4.1 Drawbacks
Flexibility comes at a cost, however. When we write equation (4.1), we are implicitly restricting either the functional form of \(\beta,\) or the support of \(X,\) or both, because the map \(\tau\mapsto Q_{Y|X}(\tau|x)\) is non-decreasing and left-continuous, for all \(x\in\mathscr{X}.\) In this section I’ll discuss some of these restrictions; for conciseness, I will not repeat at every turn that \(Y\) is a scalar random variable, that \(X\) is a \({\mathrm{D}_X}\)-dimensional random vector, and that \(Y\) and \(X\) are related by \[\begin{equation} Q_{Y|X}(\tau|x) = x'\beta(\tau),\qquad \tau\in(0,1),\,x\in\mathscr{X}. \tag{4.3} \end{equation}\] This is our working assumption.
The first issue, illustrated in the example below, is called quantile crossing, which we couldn’t explain better than Koenker (2005) already has:
The virtues of independently estimating a family of conditional quantile functions can sometimes be a source of serious embarrassment when we find that estimated quantile functions cross, thus violating the basic principle that distribution functions and their associated inverse functions should be monotone increasing. […] It is of some comfort to recognize that such crossing is typically confined to outlying regions of the design space.
Example 4.2 (Quantile crossing) Suppose that \(X = (1\quad X_2)^\prime,\) where \(X_2\) is real valued. If \(\beta_2(\cdot)\) is a non-constant function, then the support of \(X_2\) has a either a lower bound or an upper bound. Thus, if \(X_2\) is an unbounded random variable, it is necessarily the case that \(\beta_2(\cdot)\) is a constant function.
Indeed, if the coefficient \(\beta_2\) is not constant-in-\(\tau,\) then there exist two distinct quantile levels \(\tau<\varsigma\in(0,1)\) such that either \(\beta_2(\tau)<\beta_2(\varsigma)\) or \(\beta_2(\tau)>\beta_2(\varsigma).\) In any case, if \(\operatorname{support}(X_2)\) were unbounded from above and below, then it would be possible to find an \(x_2\in\operatorname{support}(X_2)\) such that, for \(x = (1\quad x_2)^\prime,\) one would have \(Q_Y(\tau|x)>Q_Y(\varsigma|x)\) which is forbidden since \(\tau\mapsto Q_Y(\tau|z)\) is non-decreasing.

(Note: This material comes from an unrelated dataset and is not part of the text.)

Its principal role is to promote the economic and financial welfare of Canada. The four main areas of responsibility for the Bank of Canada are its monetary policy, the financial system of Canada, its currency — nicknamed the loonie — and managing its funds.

This example easily generalizes to the scenario where \(X\) is of dimension \({\mathrm{D}_X}> 2\): if a covariate is unbounded and can “move freely,” independently of the remaining regressors, then it must have a constant-in-\(\tau\) coefficient. Notice, however, that this restriction does not necessarily apply: indeed, equation (4.3) can hold exactly (no crossing), provided there is “sufficient dependence” between the covariates, even if they are unbounded. As an example, take \(X = (1\quad Z\quad Z^2)^\prime\) with \(Z\) standard normal (so \(\operatorname{support}(Z)=\mathbb{R}\)) and \[ \beta(\tau) = \begin{pmatrix} \tfrac12Q_Z(\tau) \\ 1\\ 2\tau-1\end{pmatrix} \] for all \(\tau\in(0,1).\) Below is a scatterplot of simulated data from this model. The dashed blue lines correspond (from bottom to top) to the conditional 1st decile, median, and 9th decile.

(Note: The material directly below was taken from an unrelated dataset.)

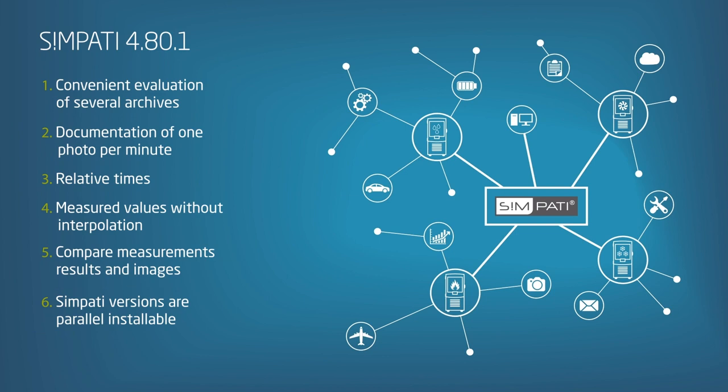Sympathy versions are parallel installable. Try it for 6 months, free of charge.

For more about quantile crossing, see section 2.5 in Koenker (2005).
= 800
n = function(tau,z) 1*qnorm(tau)/2 + 1*z + (2*tau-1)*(z)^(2)
Q = rnorm(n)
Z = runif(n)
U = Q(U,Z)
Y plot(Y~Z, pch=16, col="gray")
= seq(from=min(Z), to=max(Z), length=n)
zgrid for (tau in c(.1,.5,.9)){
lines(zgrid, Q(tau,zgrid), lty="dashed", col="DarkBlue", lwd=.5)
}
Example 4.3 (Sign restrictions) Assume that \(X\) is of dimension \({\mathrm{D}_X}=2\) and that \(X_1\) and \(X_2\) are non-degenerate (there’s no intercept). Suppose further that there are two distinct points \(\widehat{x}, \tilde{x}\in \mathscr{X}\) with \(\operatorname{sign}(\widehat{x}_1)\ne\operatorname{sign}(\tilde{x}_1)\) and \(\widehat{x}_2=\tilde{x}_2=0.\) Then necessarily \(\beta_1\) is constant-in-\(\tau\): indeed, in this case the functions \(\tau\mapsto \beta_1(\tau)\hat{x}_1\) and \(\tau\mapsto\beta_1(\tau)\tilde{x}_1\) are both non-decreasing (being conditional quantile functions) and thus \[ \tau\mapsto\mathrm{sign}(\hat{z}_1)\beta_1(\tau)\qquad\text{and}\qquad\tau\mapsto\mathrm{sign}(\tilde{z}_1)\beta_1(\tau) \] are both non-decreasing functions, which can only happen if \(\beta_1\) is constant-in-\(\tau.\) This example can be generalized to the case \({\mathrm{D}_X}>2.\)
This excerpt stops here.